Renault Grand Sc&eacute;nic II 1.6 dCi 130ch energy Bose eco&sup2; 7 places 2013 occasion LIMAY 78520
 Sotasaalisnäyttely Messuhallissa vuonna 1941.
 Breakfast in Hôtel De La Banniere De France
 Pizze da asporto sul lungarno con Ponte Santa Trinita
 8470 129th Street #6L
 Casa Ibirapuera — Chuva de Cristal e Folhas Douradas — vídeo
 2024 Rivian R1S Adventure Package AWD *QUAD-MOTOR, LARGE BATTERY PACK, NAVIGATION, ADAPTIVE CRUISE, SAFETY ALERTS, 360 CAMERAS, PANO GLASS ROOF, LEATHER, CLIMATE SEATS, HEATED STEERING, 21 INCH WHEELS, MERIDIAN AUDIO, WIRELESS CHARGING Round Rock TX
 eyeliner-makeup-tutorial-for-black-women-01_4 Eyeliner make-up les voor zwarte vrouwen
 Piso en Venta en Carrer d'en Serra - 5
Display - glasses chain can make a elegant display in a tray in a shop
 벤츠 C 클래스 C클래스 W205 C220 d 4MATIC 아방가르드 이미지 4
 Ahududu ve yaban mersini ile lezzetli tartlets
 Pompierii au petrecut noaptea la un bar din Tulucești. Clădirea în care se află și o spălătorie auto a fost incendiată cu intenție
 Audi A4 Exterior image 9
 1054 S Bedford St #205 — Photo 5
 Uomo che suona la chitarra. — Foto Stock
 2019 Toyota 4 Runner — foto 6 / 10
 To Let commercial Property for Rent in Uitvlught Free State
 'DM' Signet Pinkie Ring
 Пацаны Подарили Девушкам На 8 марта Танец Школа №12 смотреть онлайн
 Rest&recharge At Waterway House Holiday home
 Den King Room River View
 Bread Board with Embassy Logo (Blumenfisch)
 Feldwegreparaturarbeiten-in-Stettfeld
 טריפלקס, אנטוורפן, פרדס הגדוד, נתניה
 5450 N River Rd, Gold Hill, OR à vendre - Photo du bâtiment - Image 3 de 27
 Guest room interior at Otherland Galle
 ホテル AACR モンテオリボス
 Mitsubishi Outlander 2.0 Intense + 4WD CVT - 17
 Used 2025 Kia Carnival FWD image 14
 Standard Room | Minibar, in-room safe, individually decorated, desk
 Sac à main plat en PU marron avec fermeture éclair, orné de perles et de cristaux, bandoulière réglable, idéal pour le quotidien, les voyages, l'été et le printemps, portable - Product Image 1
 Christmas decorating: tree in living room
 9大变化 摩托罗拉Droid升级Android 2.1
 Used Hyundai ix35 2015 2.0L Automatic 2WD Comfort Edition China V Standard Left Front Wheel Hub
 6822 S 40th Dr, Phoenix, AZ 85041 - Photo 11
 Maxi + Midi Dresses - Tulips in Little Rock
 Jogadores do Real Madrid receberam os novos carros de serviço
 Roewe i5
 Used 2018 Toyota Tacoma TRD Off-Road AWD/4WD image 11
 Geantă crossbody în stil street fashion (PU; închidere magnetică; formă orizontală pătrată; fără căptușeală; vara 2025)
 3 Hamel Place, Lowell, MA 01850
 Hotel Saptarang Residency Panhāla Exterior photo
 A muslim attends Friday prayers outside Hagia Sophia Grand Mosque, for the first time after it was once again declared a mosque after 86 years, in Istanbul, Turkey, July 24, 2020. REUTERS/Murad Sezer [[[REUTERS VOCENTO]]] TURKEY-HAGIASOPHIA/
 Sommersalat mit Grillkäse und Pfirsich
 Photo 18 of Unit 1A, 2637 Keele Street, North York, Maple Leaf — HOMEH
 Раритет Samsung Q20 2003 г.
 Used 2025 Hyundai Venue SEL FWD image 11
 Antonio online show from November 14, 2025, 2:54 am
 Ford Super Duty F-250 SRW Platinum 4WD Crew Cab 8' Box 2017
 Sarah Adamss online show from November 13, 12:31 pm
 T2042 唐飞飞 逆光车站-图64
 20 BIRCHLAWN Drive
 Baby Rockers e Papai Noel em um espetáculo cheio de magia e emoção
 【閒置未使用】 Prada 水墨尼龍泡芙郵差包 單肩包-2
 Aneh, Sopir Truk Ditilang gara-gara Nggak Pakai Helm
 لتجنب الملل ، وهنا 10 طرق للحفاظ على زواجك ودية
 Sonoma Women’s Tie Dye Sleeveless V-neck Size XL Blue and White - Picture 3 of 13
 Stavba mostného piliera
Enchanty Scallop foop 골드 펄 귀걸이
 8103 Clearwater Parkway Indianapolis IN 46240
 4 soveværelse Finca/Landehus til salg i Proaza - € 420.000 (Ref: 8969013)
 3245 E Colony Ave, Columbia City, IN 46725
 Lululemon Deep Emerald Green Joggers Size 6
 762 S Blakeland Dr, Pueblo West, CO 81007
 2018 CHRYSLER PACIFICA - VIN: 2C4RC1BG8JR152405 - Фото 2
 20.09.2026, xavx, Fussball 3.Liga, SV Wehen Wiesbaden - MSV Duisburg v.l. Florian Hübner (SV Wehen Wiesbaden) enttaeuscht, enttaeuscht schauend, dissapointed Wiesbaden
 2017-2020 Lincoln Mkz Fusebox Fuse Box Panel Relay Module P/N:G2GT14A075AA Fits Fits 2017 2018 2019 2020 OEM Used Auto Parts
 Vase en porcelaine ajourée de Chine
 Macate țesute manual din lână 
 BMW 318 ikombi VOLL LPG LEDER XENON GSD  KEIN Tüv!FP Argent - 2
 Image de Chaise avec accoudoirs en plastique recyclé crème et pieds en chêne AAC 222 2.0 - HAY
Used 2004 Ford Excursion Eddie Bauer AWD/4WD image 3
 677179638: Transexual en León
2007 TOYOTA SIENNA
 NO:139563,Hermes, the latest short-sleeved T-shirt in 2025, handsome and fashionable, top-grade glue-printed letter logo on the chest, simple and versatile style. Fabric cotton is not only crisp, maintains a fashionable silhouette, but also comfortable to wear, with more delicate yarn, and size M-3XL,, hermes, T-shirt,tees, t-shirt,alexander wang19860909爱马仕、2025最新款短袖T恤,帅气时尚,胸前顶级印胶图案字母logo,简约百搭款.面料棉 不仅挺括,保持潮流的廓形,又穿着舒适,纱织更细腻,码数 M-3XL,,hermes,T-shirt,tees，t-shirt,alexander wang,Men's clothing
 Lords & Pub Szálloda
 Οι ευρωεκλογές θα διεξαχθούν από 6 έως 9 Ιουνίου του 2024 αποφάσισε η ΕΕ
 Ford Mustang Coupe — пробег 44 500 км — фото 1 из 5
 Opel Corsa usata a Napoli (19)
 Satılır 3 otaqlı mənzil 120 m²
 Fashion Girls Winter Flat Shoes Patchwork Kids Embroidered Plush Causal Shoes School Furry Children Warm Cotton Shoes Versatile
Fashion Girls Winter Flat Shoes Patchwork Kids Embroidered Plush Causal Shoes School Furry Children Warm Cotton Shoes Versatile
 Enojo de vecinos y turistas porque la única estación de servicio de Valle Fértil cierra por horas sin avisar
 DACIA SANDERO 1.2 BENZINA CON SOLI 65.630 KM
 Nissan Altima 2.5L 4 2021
☆ ☆ ☆
WHAT NEEDS TO BE DONE:
Copy the stretch of the records above that runs from the line with "6822 S 40th Dr, Phoenix, AZ 85041 - Photo 11" through the line with "20 BIRCHLAWN Drive". Both end lines belong in the copy, and nothing else does.

RESPONSE FOR THIS EXERCISE:
 6822 S 40th Dr, Phoenix, AZ 85041 - Photo 11
 Maxi + Midi Dresses - Tulips in Little Rock
 Jogadores do Real Madrid receberam os novos carros de serviço
 Roewe i5
 Used 2018 Toyota Tacoma TRD Off-Road AWD/4WD image 11
 Geantă crossbody în stil street fashion (PU; închidere magnetică; formă orizontală pătrată; fără căptușeală; vara 2025)
 3 Hamel Place, Lowell, MA 01850
 Hotel Saptarang Residency Panhāla Exterior photo
 A muslim attends Friday prayers outside Hagia Sophia Grand Mosque, for the first time after it was once again declared a mosque after 86 years, in Istanbul, Turkey, July 24, 2020. REUTERS/Murad Sezer [[[REUTERS VOCENTO]]] TURKEY-HAGIASOPHIA/
 Sommersalat mit Grillkäse und Pfirsich
 Photo 18 of Unit 1A, 2637 Keele Street, North York, Maple Leaf — HOMEH
 Раритет Samsung Q20 2003 г.
 Used 2025 Hyundai Venue SEL FWD image 11
 Antonio online show from November 14, 2025, 2:54 am
 Ford Super Duty F-250 SRW Platinum 4WD Crew Cab 8' Box 2017
 Sarah Adamss online show from November 13, 12:31 pm
 T2042 唐飞飞 逆光车站-图64
 20 BIRCHLAWN Drive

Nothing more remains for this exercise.